Therefore, as in the case of the JT & T adversary defendants, “it is irrelevant that it is no
longer uncertain whether” Moran “will be sued by the estate.” Trailer Source, 555 F.3d at
248 (Rogers, J., dissenting). The Standing Order’s authorization of a suit against Moran did
not directly “diminish [his] property, increase [his] burdens, or detrimentally affect [his]
rights,” and he therefore does not have standing to appeal the order. See, e.g., San Juan
Hotel, 809 F.2d at 155 (citing In re Fondiller, 707 F.2d 441, 443 (9th Cir. 1983)).

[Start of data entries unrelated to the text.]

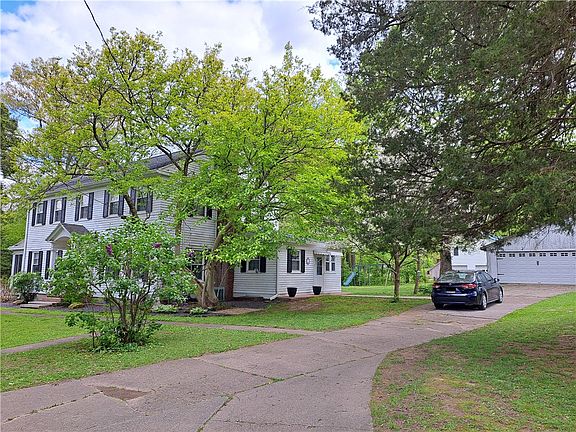 2nd image of 104 S Wood Ln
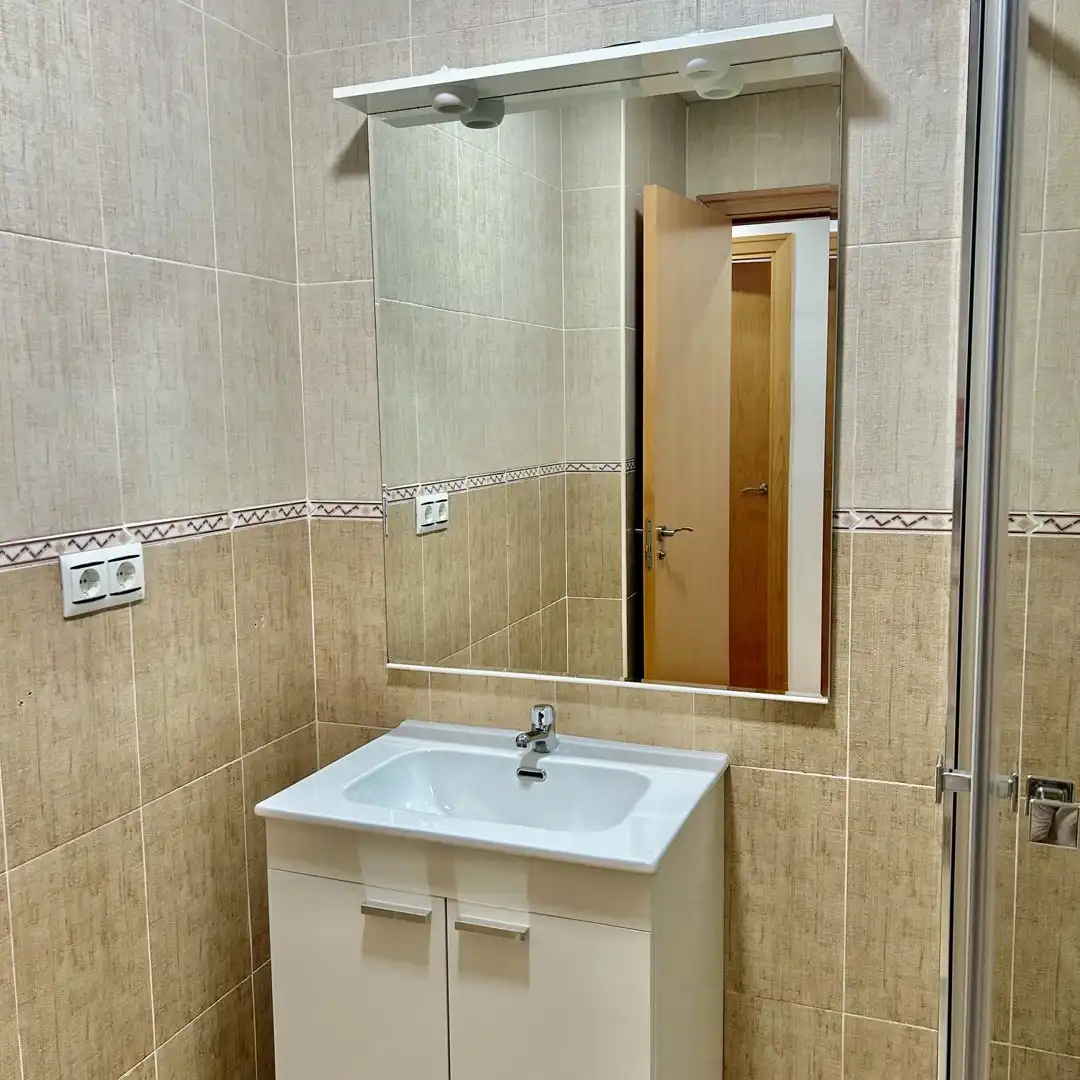 Baño de Piso de alquiler en Riba-roja de Túria con Terraza, Trastero y Piscina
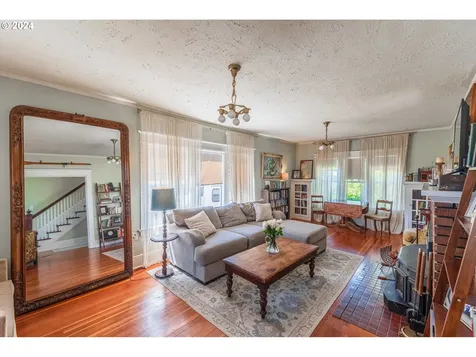 1021 S 4th Street Coos Bay OR 97420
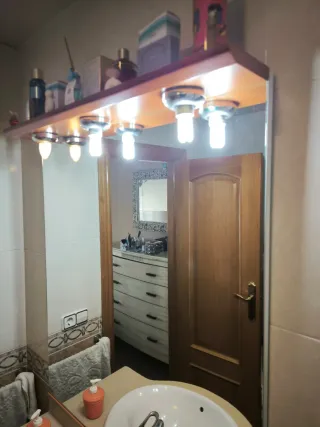 Mueble de baño madera y mármol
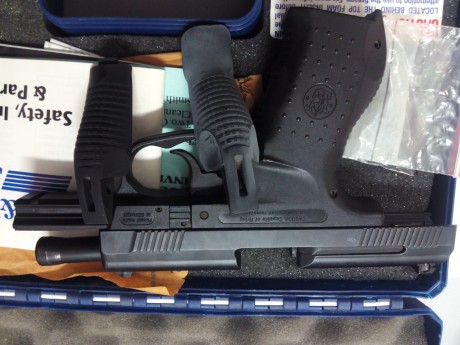 Muy buenas, vendo pistola 
Marca ------- Smith & Wesson
Modelo ----- SW99 (igual que la Walther p99)
Calibre 70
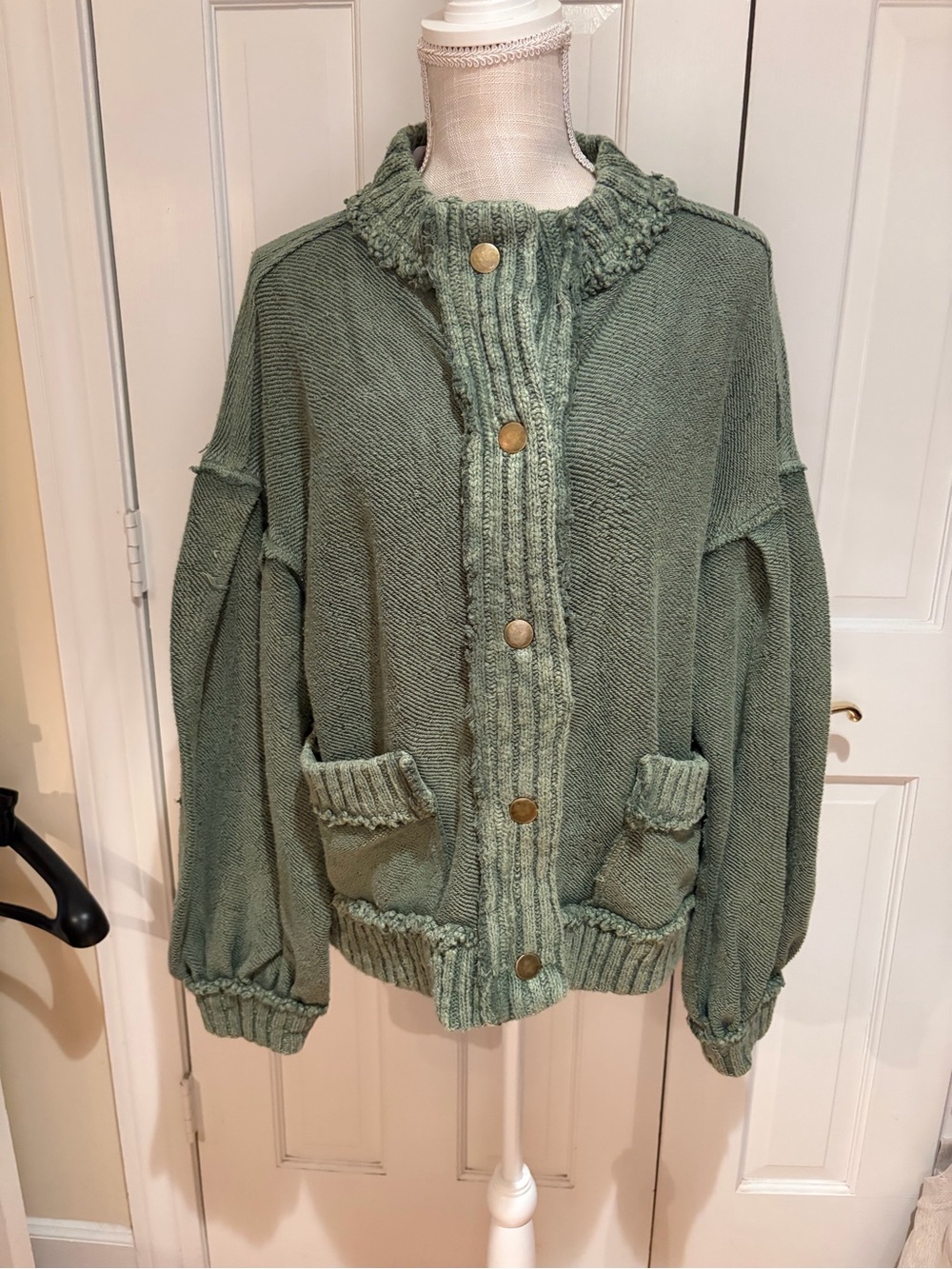 Free People Cute in this Cardi. NWT. Size M - Picture 5 of 11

Moran next argues that his status as an administrative claimant makes him a “person
aggrieved” by the Standing Order. But Moran’s only claim on estate funds results from the
fact that, pursuant to a bylaws indemnity provision, his expenses in defending against the
ACC’s lawsuit are being paid by the estate. He insists that this administrative claim creates
in him an interest equal to that of the other creditors—the members of the ACC—in seeing
that the estate’s assets are distributed appropriately and without waste. See Kane v. Johns-
Manville Corp., 843 F.2d 636, 642 (2d Cir. 1988) (“As a general rule, creditors have
standing to appeal orders of the bankruptcy court disposing of property of the estate because
such orders directly affect the creditors’ ability to receive payment of their claims.”). But
simply holding a claim of any type against the estate does not automatically confer appellate
standing under the “person aggrieved” doctrine. Trailer Source, 555 F.3d at 250 (Rogers,
J., dissenting) (collecting cases that make this point). Rather, “[t]o have standing to appeal,”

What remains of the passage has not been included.